- _Prompt_:
Could you repeat the listing below exactly while leaving its pictures behind?

- _Dataset extract_:
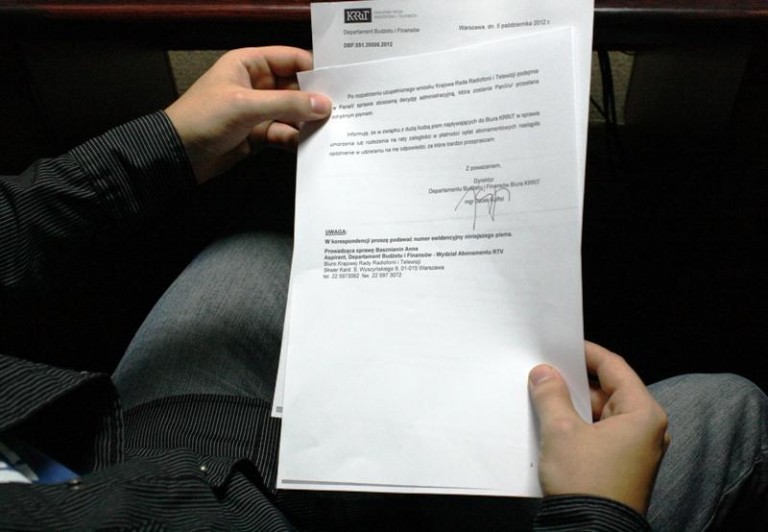 Śmieszny ten nasz kraj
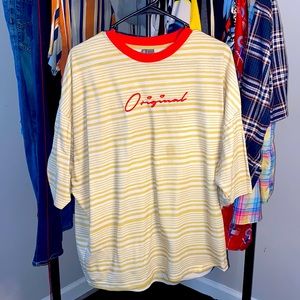 Original printed t-shirt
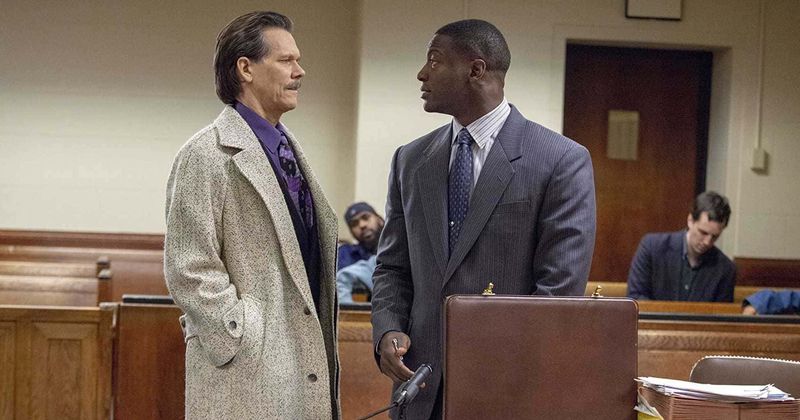 'City on a Hill' episode 7 review: Rohr and Ward get wrapped up in their own fight as the plot heads towards a nail-biting finale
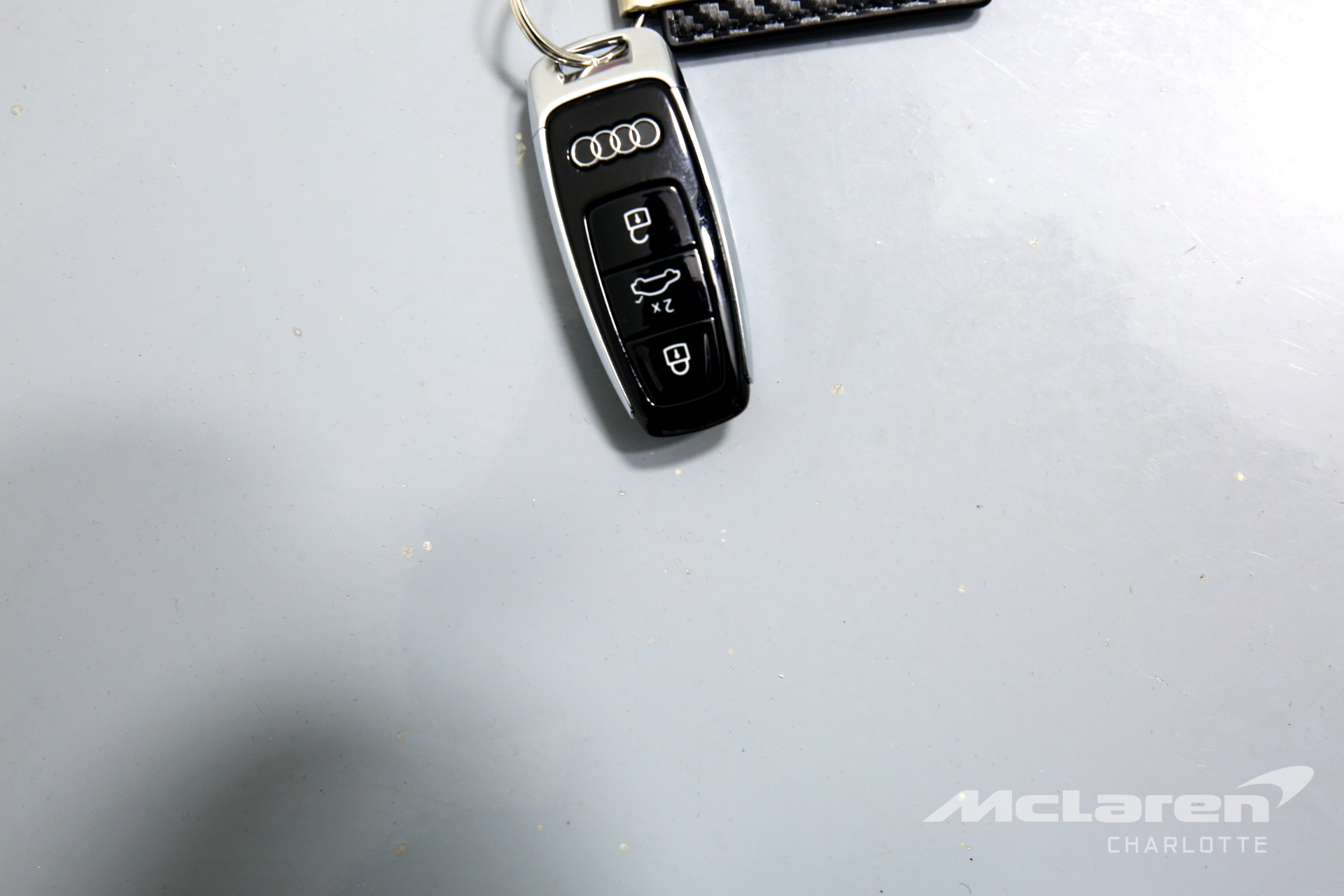 Used 2021 Audi RS Q8 4.0T quattro | Charlotte, NC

- _Task result_:
 Śmieszny ten nasz kraj
 Original printed t-shirt
 'City on a Hill' episode 7 review: Rohr and Ward get wrapped up in their own fight as the plot heads towards a nail-biting finale
 Used 2021 Audi RS Q8 4.0T quattro | Charlotte, NC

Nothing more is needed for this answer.